------ GIVEN DATA ------

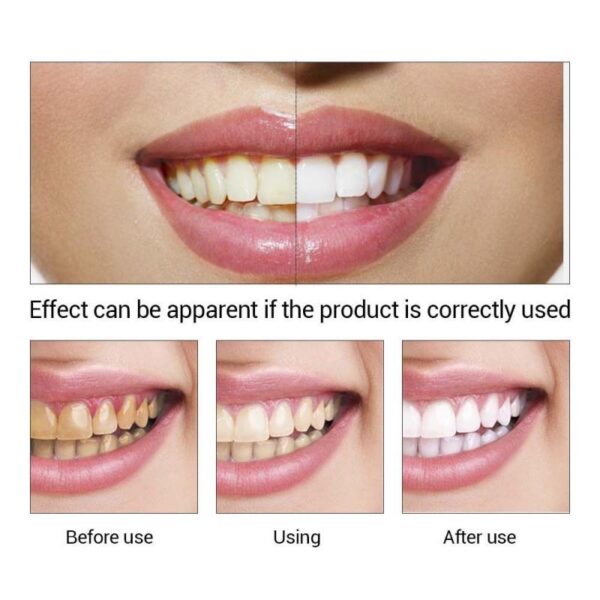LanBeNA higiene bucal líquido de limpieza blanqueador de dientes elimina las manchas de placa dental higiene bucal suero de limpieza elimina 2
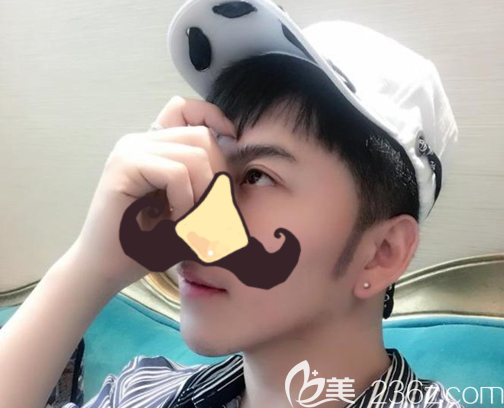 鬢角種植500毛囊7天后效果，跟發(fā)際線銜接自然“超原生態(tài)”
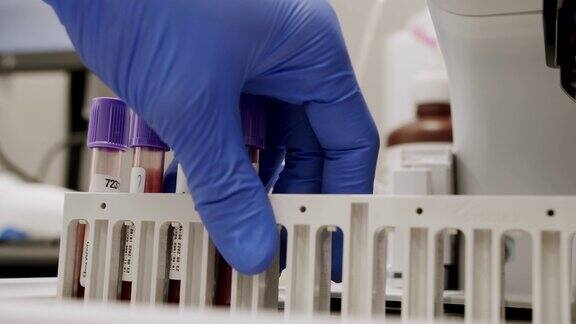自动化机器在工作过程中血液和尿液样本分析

------
------ GIVEN DATA ------

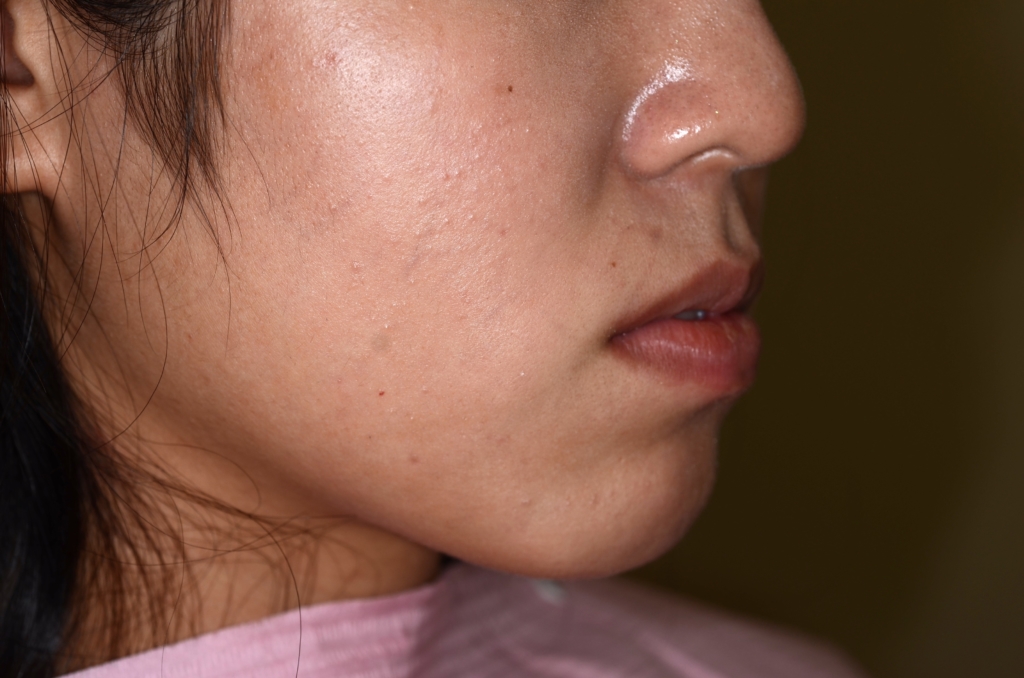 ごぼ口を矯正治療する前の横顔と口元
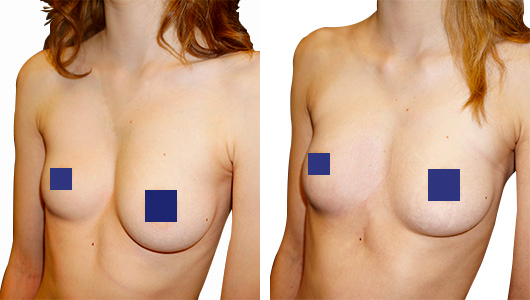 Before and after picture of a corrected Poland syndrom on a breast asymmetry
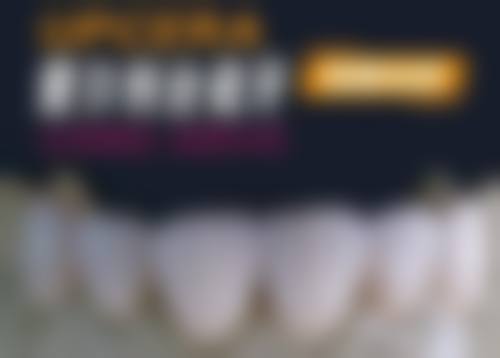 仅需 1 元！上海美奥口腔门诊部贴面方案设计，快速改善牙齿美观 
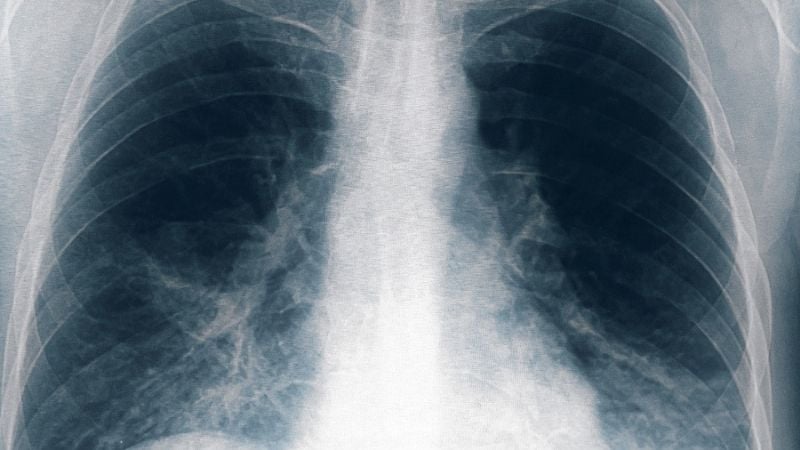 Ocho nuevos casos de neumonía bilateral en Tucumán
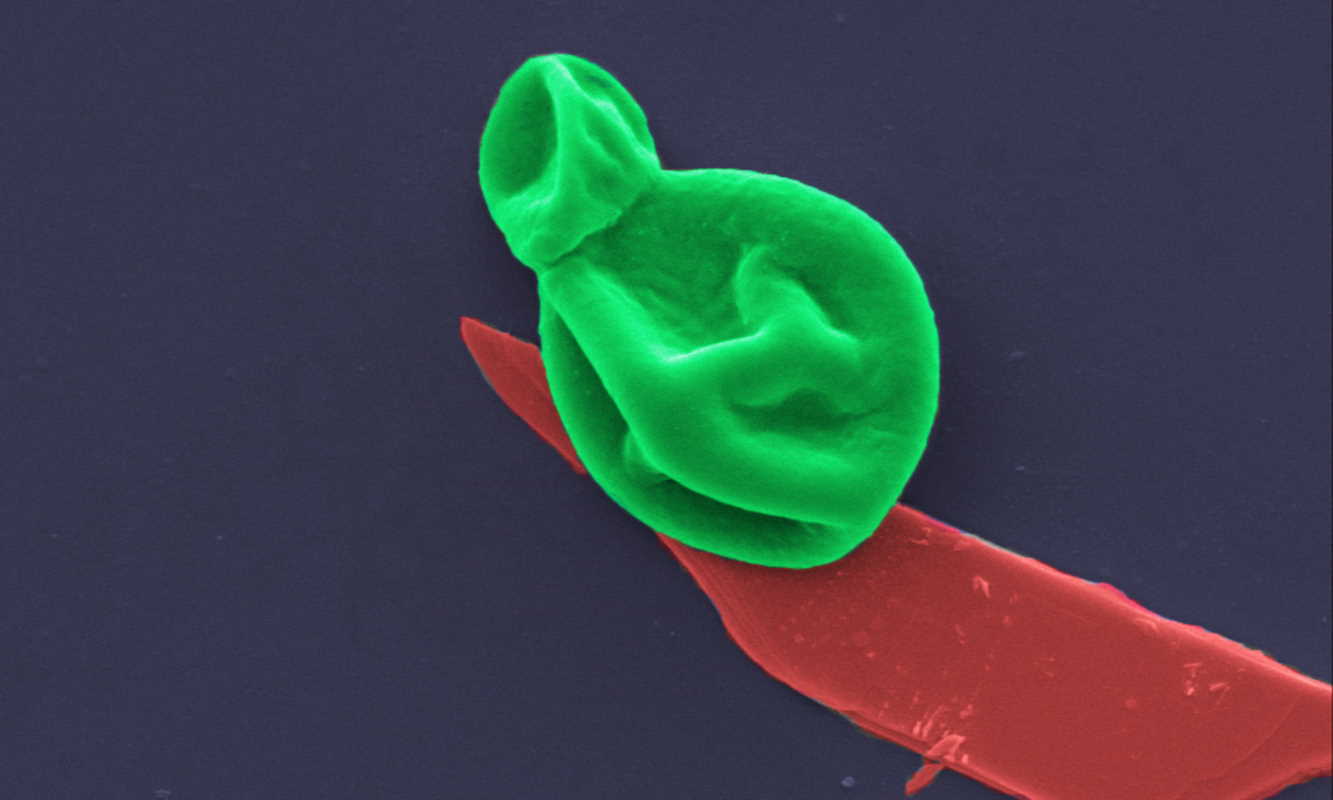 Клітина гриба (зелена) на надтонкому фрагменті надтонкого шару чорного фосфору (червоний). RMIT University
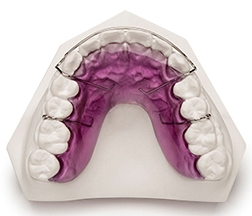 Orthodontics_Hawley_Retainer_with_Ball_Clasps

------

> WORK ORDER
Working from the entries above, please transcribe only the lines from the line with "Ocho nuevos casos" through the line with "Orthodontics_Hawley_Retainer_with_Ball_Clasps", exactly, with both end lines and without pictures.

> RESPONSE TO THIS TASK
 Ocho nuevos casos de neumonía bilateral en Tucumán
 Клітина гриба (зелена) на надтонкому фрагменті надтонкого шару чорного фосфору (червоний). RMIT University
 Orthodontics_Hawley_Retainer_with_Ball_Clasps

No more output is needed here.